═════ GIVEN MATERIAL
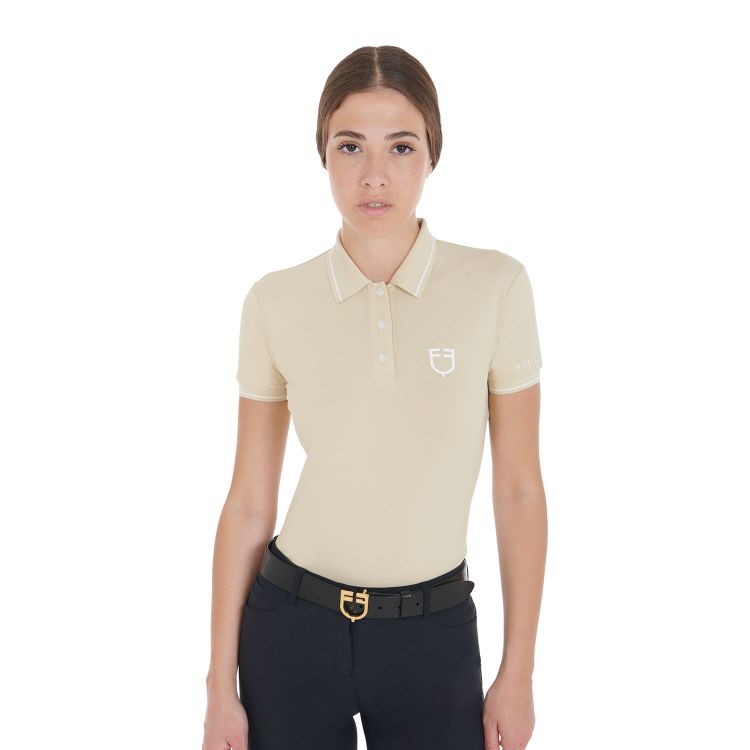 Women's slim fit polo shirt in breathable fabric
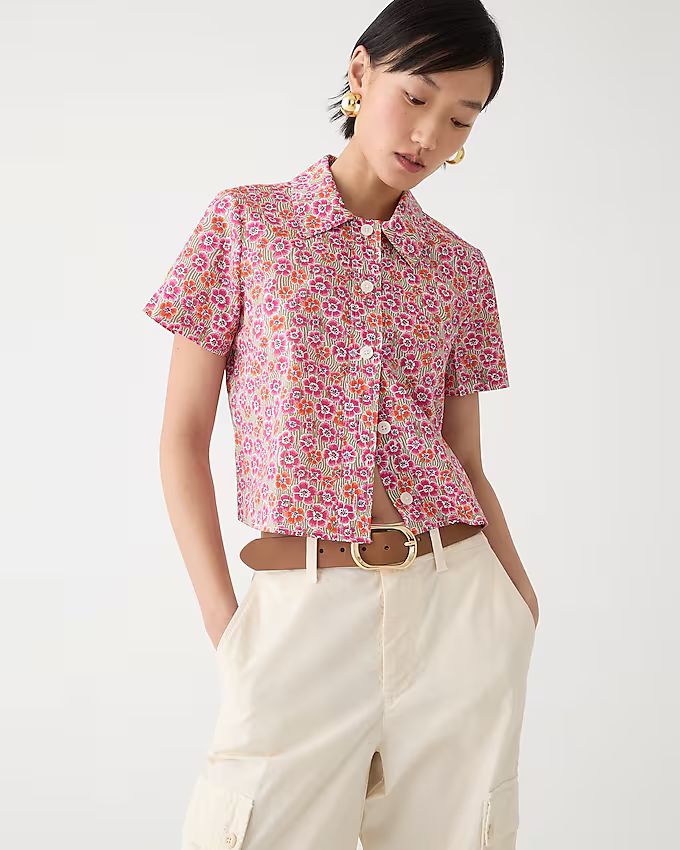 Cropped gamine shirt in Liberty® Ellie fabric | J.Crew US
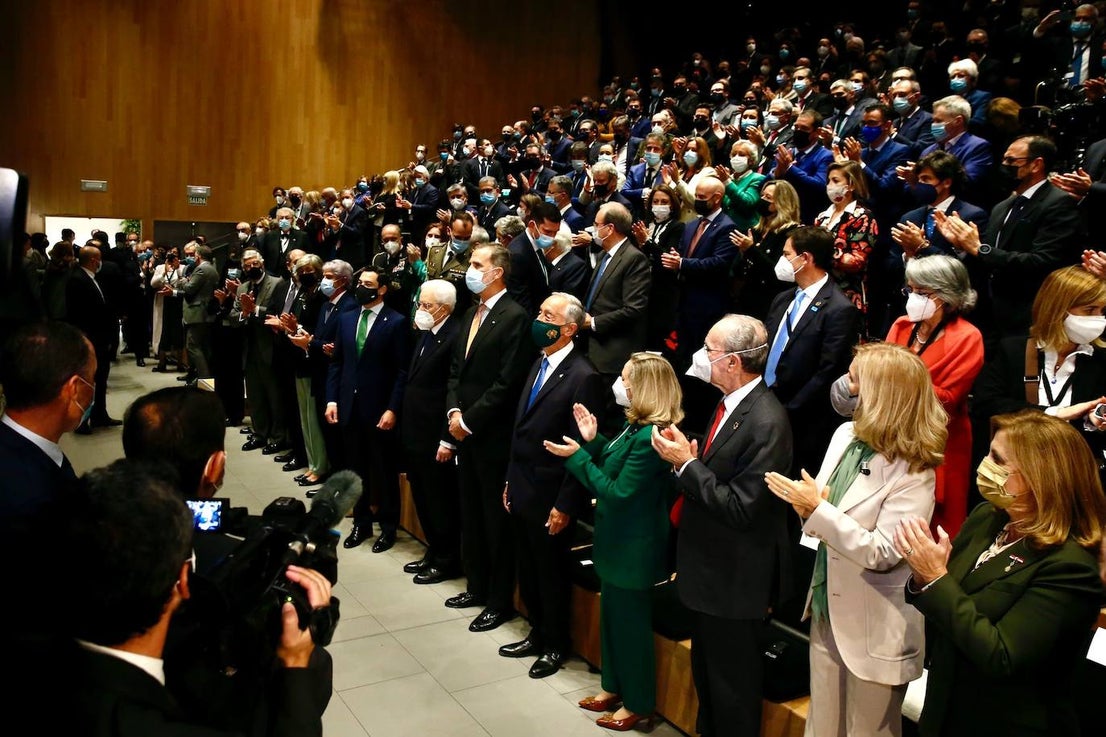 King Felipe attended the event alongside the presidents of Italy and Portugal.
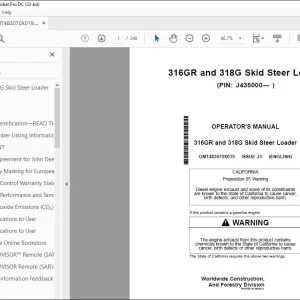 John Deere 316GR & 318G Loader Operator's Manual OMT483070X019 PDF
══════════
[WHAT TO DO] Only the pictures stay out; everything else in the listing above must be repeated exactly.

[EXERCISE RESULT]
 Women's slim fit polo shirt in breathable fabric
 Cropped gamine shirt in Liberty® Ellie fabric | J.Crew US
 King Felipe attended the event alongside the presidents of Italy and Portugal.
 John Deere 316GR & 318G Loader Operator's Manual OMT483070X019 PDF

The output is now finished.